How to choose the right distributed machine learning platform

Source: Internet
Author: User
This is a creation in Article, where the information may have evolved or changed.

Guided reading: machine learning and deep learning is a hot topic in recent years, it is a very disturbing problem to choose from many machine learning platforms. In this paper, the design methods used in the Distributed machine Learning (ML) platform are investigated and the future research directions are proposed.


This article compares the machine learning platform design method and the use guide, is I and Kuo Zhang and Salem Alqahtani classmate cooperation. We wrote this article in the fall of 2016 and submitted this article in ICCCN ' 17 (Vancouver).

Machine learning, especially deep learning (DL), has been successful in speech recognition, image recognition and natural language processing as well as referral/search engines. These technologies are widely used in autonomous driving cars, digital health systems, CRM, advertising, and the Internet of things. As these capital moves into further technological change, we have seen many machine learning platforms.

Because of the huge datasets and model sizes involved in training, the machine learning platform is typically a distributed ML platform that typically runs 10-100 workers in parallel to train a model. It is estimated that the vast majority of data center tasks will become machine learning tasks in the near future.

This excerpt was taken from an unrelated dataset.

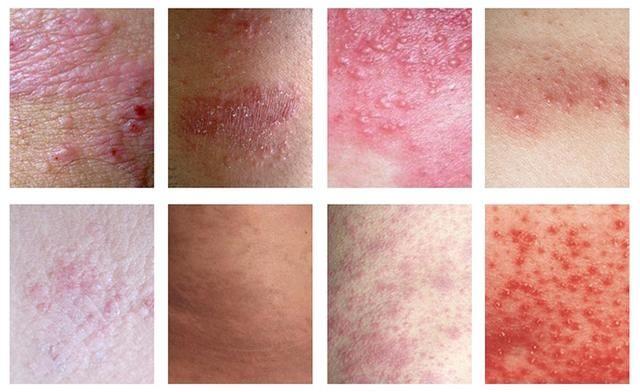 妈妈身上的湿疹总是好不了,宝宝得湿疹妈妈怎么忌口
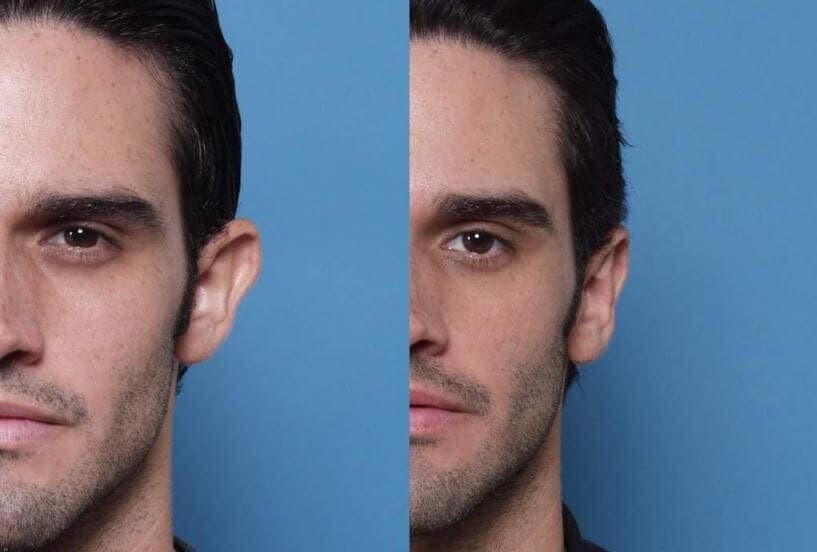 Ωτοπλαστική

So we decided to look at these ML platforms from a distributed system perspective and analyze the communication and control bottlenecks of these platforms. We also studied the fault tolerance and ease of programming for these platforms.

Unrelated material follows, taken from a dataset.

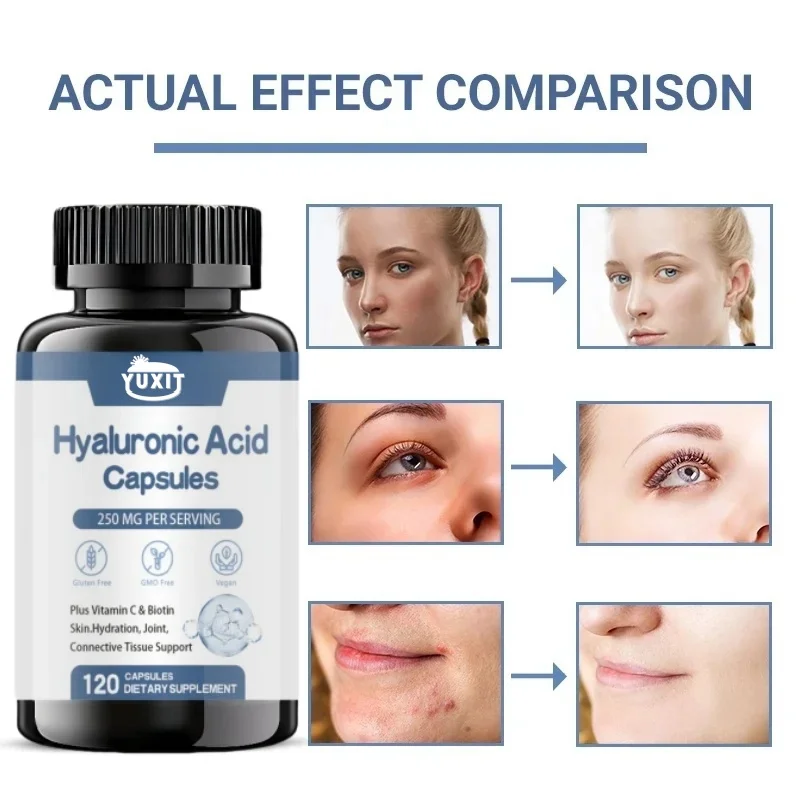 Hyaluronic Acid Capsules with Biotin & Vitamin C Improve Rough Skin Care, Joint Lubrication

We classify distributed ML platforms according to 3 basic design methods:


    1. Basic Data Flow

    2. Parametric server model

    3. Advanced Data Flow


We briefly describe each method, using Apache Spark as an example of the basic data flow method, PMLS (Petrar) as an example of the parametric server model, TensorFlow and MXNet as examples of the advanced data flow model. We provide evaluation results for performance evaluations. For more evaluation results, please refer to the paper. Unfortunately, as a small team from academia, we cannot carry out scale evaluations.

At the end of this article, I will present a summary and recommendations for the future work of the distributed ML platform. If you already have experience with these distributed ML platforms, skip to the bottom of the list.


Spark


In Spark, the calculation is modeled as a directed acyclic graph (DAG), where each vertex represents an elastic distributed dataset (RDD), and each edge represents an operation on the RDD. An RDD is a collection of objects divided into logical (in-memory or swap-to-disk) partitions.

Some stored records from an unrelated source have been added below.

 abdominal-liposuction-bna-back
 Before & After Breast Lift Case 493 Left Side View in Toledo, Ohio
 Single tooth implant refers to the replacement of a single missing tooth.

On a DAG, the edge e from vertex A to vertex B means that Rdd B is the result of executing action E on Rdd A. There are two kinds of actions: transformations and actions. Transformations (for example, mappings, filters, connections) perform operations on the RDD and generate new Rdd.


The Spark user modeled the calculation as a DAG, which transforms and runs the operation on the RDD. The DAG is compiled in stages. Each stage is executed as a series of tasks that run in parallel (one task per partition). Narrow dependencies are good for efficient execution, while wide dependencies introduce bottlenecks because they disrupt the execution pipeline and require traffic-intensive operations.



achieve distributed execution in Spark by differentiating the DAG phase. The diagram shows the schema of Master. The driver contains two scheduler components, DAG Scheduler and Task Scheduler, as well as task and coordinator worker.


Spark is designed for general data processing, not for machine learning. However, using MLlib on Spark, you can do ML on spark. In the basic settings, Spark stores the model parameters in the driver node, and the worker communicates with driver to update the parameters after each iteration. For large-scale deployments, model parameters may not match driver and will be maintained as RDD. This introduces a lot of overhead because you need to create a new RDD in each iteration to save the new model parameters. Updating the model requires mixing data between machines, which limits the scalability of Spark. This is where the basic data flow model (DAG) in Spark is deficient. Spark does not support the iterative process required in ML.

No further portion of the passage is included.